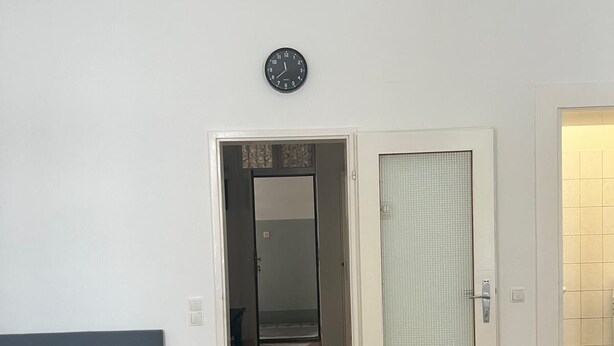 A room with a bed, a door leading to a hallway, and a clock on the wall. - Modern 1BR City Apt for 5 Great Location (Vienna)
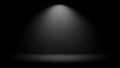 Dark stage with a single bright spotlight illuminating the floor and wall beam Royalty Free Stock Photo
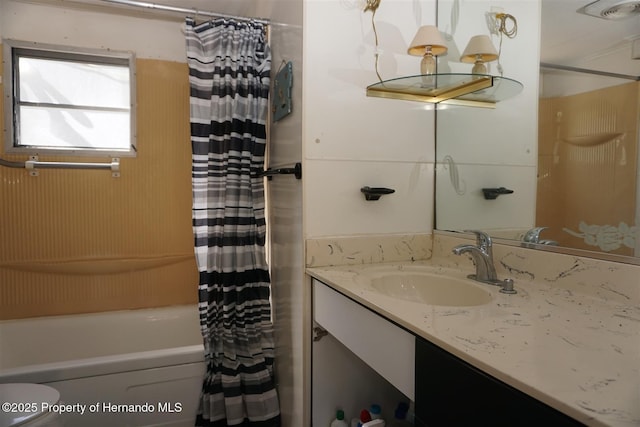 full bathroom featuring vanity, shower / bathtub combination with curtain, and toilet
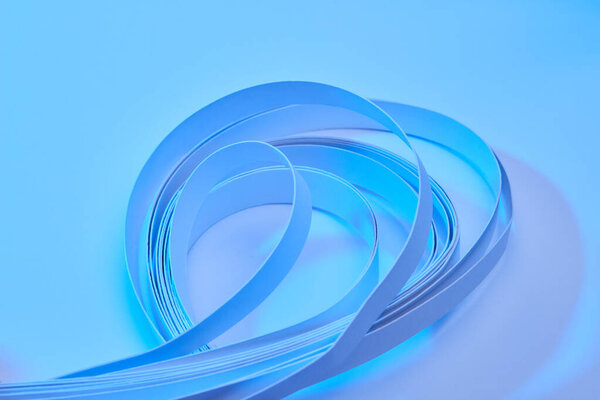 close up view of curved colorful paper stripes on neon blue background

# WHAT TO DO
Output only the lines above from the line that holds "Dark stage with" through the line that holds "full bathroom featuring", both ends included, and exclude pictures.

# EXERCISE RESULT
 Dark stage with a single bright spotlight illuminating the floor and wall beam Royalty Free Stock Photo
 full bathroom featuring vanity, shower / bathtub combination with curtain, and toilet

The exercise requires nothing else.